### WHAT IS REQUIRED
Every line below that holds the word "have" counts once; please tally them and give only the total.

### SUPPLIED RECORDS

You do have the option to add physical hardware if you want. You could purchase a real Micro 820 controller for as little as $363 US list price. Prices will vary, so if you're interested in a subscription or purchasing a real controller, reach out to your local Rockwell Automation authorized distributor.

--

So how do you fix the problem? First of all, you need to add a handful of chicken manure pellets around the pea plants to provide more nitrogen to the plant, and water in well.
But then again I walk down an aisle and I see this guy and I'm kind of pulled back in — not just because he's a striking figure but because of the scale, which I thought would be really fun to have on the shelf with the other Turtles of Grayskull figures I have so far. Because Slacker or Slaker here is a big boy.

### EXERCISE OUTPUT
2